**Exercise aim:** Repeat every line from the line containing "Кнопка стеклоподъемника (блок" to the end of the data, exactly. Leave the pictures out.

**Data segment:**

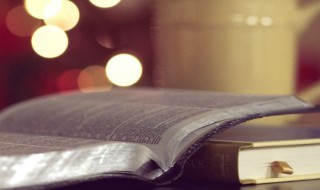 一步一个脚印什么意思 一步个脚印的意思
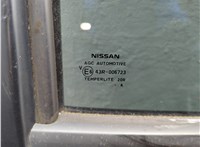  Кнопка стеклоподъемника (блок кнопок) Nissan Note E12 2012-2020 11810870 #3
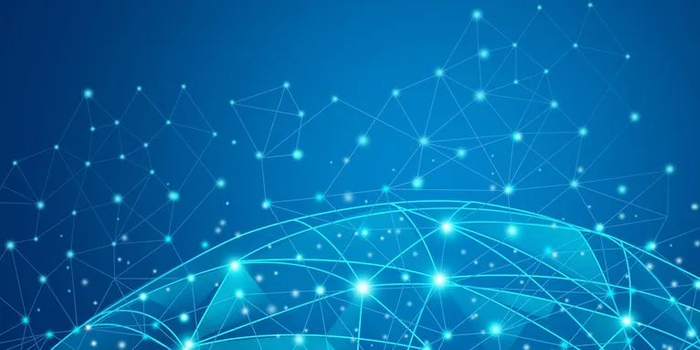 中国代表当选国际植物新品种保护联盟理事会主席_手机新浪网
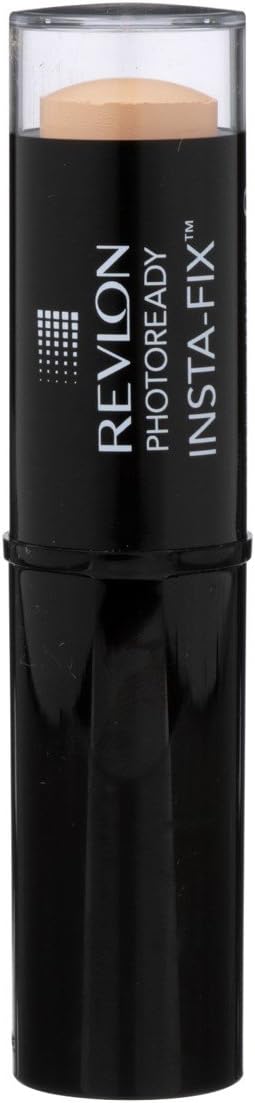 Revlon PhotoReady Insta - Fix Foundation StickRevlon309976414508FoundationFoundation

**Answer section:**
  Кнопка стеклоподъемника (блок кнопок) Nissan Note E12 2012-2020 11810870 #3
 中国代表当选国际植物新品种保护联盟理事会主席_手机新浪网
 Revlon PhotoReady Insta - Fix Foundation StickRevlon309976414508FoundationFoundation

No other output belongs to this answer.